Finding a Taylor Polynomial for \(f( x) =e^{x}\)

Find the Taylor Polynomial \(P_{n}( x) \) for \(f( x) =e^{x}\) at \(0\).

Solution The derivatives of \(f( x) =e^{x}\) are \[ \begin{array}{rcl@{\qquad}rcl@{\qquad}rcl@{\qquad}rcl@{ }c@{ }rcl} f( x) = e^{x} & f^\prime ( x) = e^{x} & f^{\prime \prime} ( x) = e^{x} & f^{\prime \prime \prime} ( x) = e^{x} & \ldots & f^{( n) }( x) = e^{x} \\ f( 0) = 1 & f^\prime ( 0) = 1 & f^{\prime \prime} ( 0) = 1 & f^{\prime \prime \prime} ( 0) = 1 & \ldots & f^{( n)}( 0) = 1 \end{array} \]

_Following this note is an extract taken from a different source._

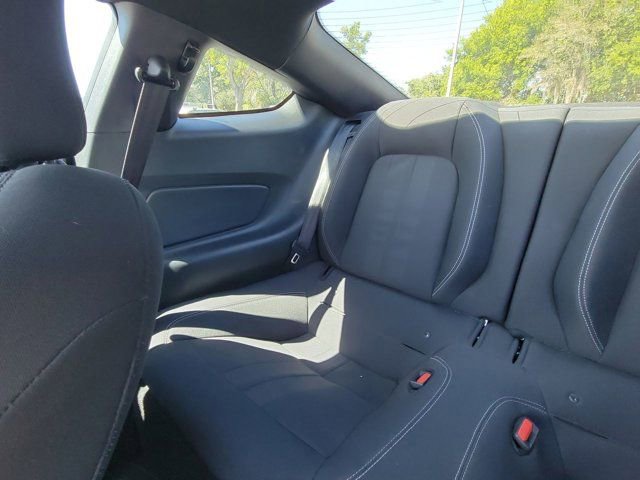 Used 2022 Ford Mustang EcoBoost image 4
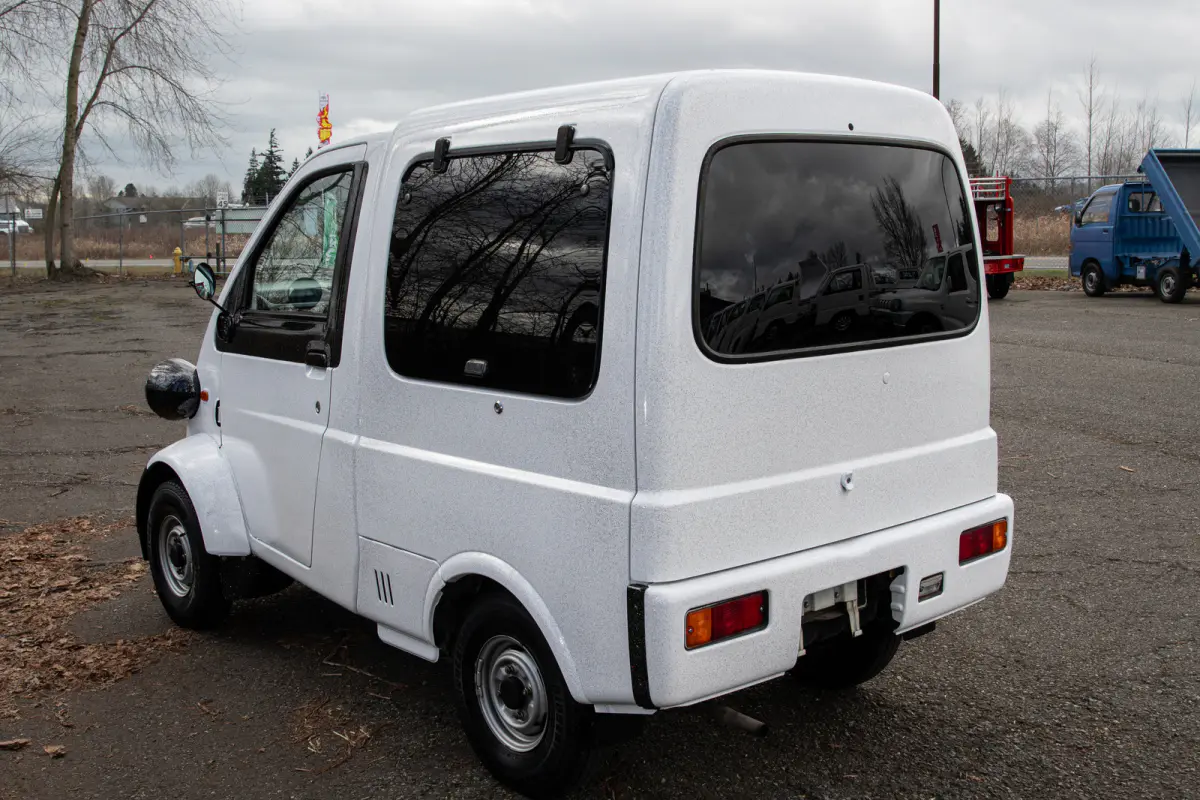 1999 Daihatsu Midget II, a Kei Truck, for sale at The Import Guys in Ferndale, WA (photo 15 of 15)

The Taylor Polynomial \(P_{n}( x) \) at \(0\) is \[ \begin{eqnarray*} P_{n}( x) &=&f( 0) +f^\prime ( 0) x+\dfrac{ f^{\prime \prime} ( 0) }{2!}x^{2}+\dfrac{f^{\prime \prime\prime} ( 0) }{3!}x^{3}+\cdots +\dfrac{f^{( n) }( 0) }{n!}x^{n}\\ &=&1+x+\dfrac{x^{2}}{2!}+\dfrac{x^{3}}{3!}+\cdots +\dfrac{ x^{n}}{n!} \end{eqnarray*} \]